Fino a ieri sera nessun problema, hd smontato ed appoggiato per terra, collegato al secondary master, fungeva perfettamente.

Oggi lo stacco, lo monto nel cabinet e riattacco LO STESSO cavo e LA STESSA alimentazione.

Baam, il controller ide non vede più nessun driver...

Stacco l'alimentazione dell'hd e nn succede niente.

Stacco il cavetto ide e magicamente il pc riconosce il lettore cd ed il masterizzatore.

Riattacco l'hd e nn vede più niente.

C'è da notare che la stessa cosa mi è già capitata con altri 2 hd.

Ma che ca**o è sta storia???

C'è da dire che sono piuttosto INCAZZATO (scusate le urla), visto che ho appena finito di comprare 3 (e dico tre) hd da 80Gb...

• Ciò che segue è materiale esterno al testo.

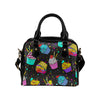 Colorful Cupcake Pattern Shoulder Handbag Shoulder Handbag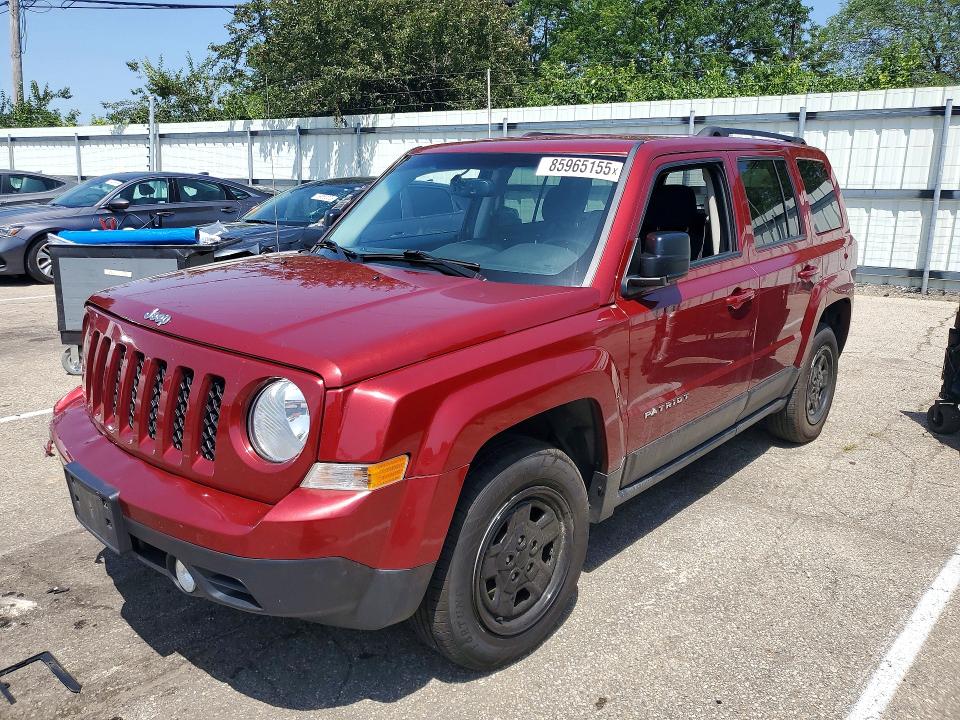 JEEP PATRIOT 2016 with VIN 1C4NJRBB3GD691663 - Photo from auction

Comprarne un quarto PROPRIO non mi va...

Ditemi che posso salvare il mio Maxtor Diamond D-Max plus A20...

Sig... Sob...

----------

## bsolar

3 dischi in un mese è umanamente impossibile (sei umano, vero?  :Rolling Eyes:  )

Sei sicuro che non sia un problema del cavo, del controller o della configurazione?

Altrimenti puoi provare a contattare un'esorcista...

----------

## KiTaSuMbA

Concordo con bsolar che e' a dir poco insolito vedre questo danno ripetitivo se non c'e' un fattore permanente.

In ogni caso, spero che ti compri i dischi con garanzia....

----------

## stefanonafets

 *Quote:*   

> In ogni caso, spero che ti compri i dischi con garanzia....

 

Ovviamente sì, ma il maxtor in questione ha (se nn mi ricordo male) circa un annetto, gli altri du che si sono scassati erano due western digital da 9 e da 60 Gb...

Il primo era vecchiotto e rovinato (da metà hd circa in poi era inutilizzabile, quando fungeva lo usavo come hd di swap), l'altro era dentro il pc che ho comprato per mia madre.

Gli altri 3 dischi da 80 (Maxtor D-Max 9) che ho comprato sono andati in due in array sul "server", l'altro in sostituzione del WD da 60...

Il Maxtor A-20 lo usavo per la root del "server", per poi montarci l'array sopra (in diverse cartelle, essendo partizionato in più parti), e sinceramente mi sono rotto le palle di comprare hd...

----------

## stefanonafets

MMah...

Voi ci capite qualcosa di hardware?

Bè, io credevo di sì, ma ora ho qualche dubbio...

L'hard Disk in questione ha ripreso magicamente a funzionare quando l'ho smontato e ho cambiato il cavetto (da notare che quando gli ho solo cambiato il cavetto nn fungeva).

Mah, forse nn sono così sfortunato come credevo...

Vabbè, ciao attutti!!!!

----------

## bsolar

 *stefanonafets wrote:*   

> MMah...
> 
> Voi ci capite qualcosa di hardware?
> 
> Bè, io credevo di sì, ma ora ho qualche dubbio...
> ...

 

Se qualcosa funziona non domandartene il perché.

Potrebbe smettere di farlo.

----------

## Sym

 *Quote:*   

> Se qualcosa funziona non domandartene il perché. 
> 
> Potrebbe smettere di farlo.

 

lol   :Laughing: 

----------

## brainnolo

io fossi in te accenderei qualche cero a qualche santo e pregherei che continui a funzionare

P.S: e non sono manco credente! gh  :Smile: 

----------